Fig. 3. Drug-induced organoid phenotypes correspond to drug mechanism of action.

Fig. 3

a Histogram of average model performance for each tested drug. For every tested drug and organoid line, logistic regression models were trained to distinguish negative control-treated organoids from drug treated organoids. A drug was considered “active” when it induced a phenotype that could be separated from DMSO control-phenotypes with a mean classification performance of >0.85 area under the receiver operating characteristic curve (AUROC). b Number of active drugs per organoid line. c Relationship between drug-induced viability change (predicted by LDC, compare Fig. 2) and general compound activity. d Unsupervised clustering of drug effect profiles for active drugs. Distance between drug effect profiles was calculated using cosine similarity. Drug effect profiles were determined by fitting logistic regression models between treated and untreated organoids for each drug and line. PCA transformed morphology information was used as input features.
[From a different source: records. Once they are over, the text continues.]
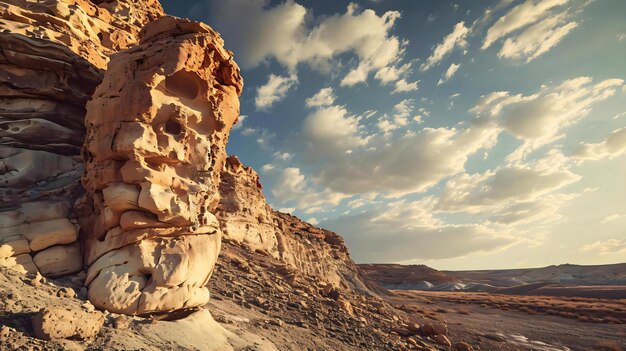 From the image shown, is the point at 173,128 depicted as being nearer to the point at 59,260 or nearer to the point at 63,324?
the point at 59,260

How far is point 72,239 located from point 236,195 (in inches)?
813

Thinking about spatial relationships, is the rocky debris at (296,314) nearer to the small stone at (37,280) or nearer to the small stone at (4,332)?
the small stone at (37,280)

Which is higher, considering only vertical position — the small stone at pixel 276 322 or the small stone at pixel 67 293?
the small stone at pixel 67 293

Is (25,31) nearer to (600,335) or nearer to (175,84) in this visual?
(175,84)

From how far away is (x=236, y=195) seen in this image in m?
30.5

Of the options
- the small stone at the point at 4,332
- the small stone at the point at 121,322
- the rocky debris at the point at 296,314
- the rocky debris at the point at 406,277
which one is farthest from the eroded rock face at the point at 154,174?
the rocky debris at the point at 406,277

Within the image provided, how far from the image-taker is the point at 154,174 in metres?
10.2

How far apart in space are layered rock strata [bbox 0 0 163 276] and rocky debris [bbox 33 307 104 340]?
11.9ft

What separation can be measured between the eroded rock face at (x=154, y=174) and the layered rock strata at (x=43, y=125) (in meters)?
1.00

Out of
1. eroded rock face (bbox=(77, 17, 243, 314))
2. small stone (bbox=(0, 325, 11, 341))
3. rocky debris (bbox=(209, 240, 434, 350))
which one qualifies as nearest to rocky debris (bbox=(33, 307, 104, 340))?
small stone (bbox=(0, 325, 11, 341))

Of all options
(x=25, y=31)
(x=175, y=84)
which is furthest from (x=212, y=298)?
(x=25, y=31)

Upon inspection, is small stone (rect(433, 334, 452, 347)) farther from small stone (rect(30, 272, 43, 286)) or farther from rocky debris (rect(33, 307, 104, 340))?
small stone (rect(30, 272, 43, 286))

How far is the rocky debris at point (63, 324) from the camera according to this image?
593 centimetres

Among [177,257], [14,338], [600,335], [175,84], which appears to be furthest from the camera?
[600,335] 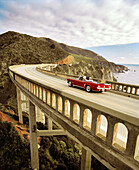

Fisher’s exact test was used to identify enrichments of drugs annotated with the same drug target within the hierarchical clustering. Tested clusters had a minimum cluster size of 3 and were evaluated iteratively from the tree bottom to top. Colors on the side of the heatmap represent drug mechanisms of action. eh Zoom-ins of (d) showing clusters enriched for MEK (e), PI3K/mTOR (f), EGFR (g) and GSK-3 (h). i Viability of drug-induced phenotypes in individual organoid lines as determined by supervised machine learning. The drugs were arranged on the x axis in the same order as in (d). j Organoids representative of selected drug-induced phenotypes. Images from organoid lines D004T and D030T were selected for each organoid phenotype, automatically cropped and embedded in black background. Cyan = DNA, magenta = actin; scale bar: 50 µm.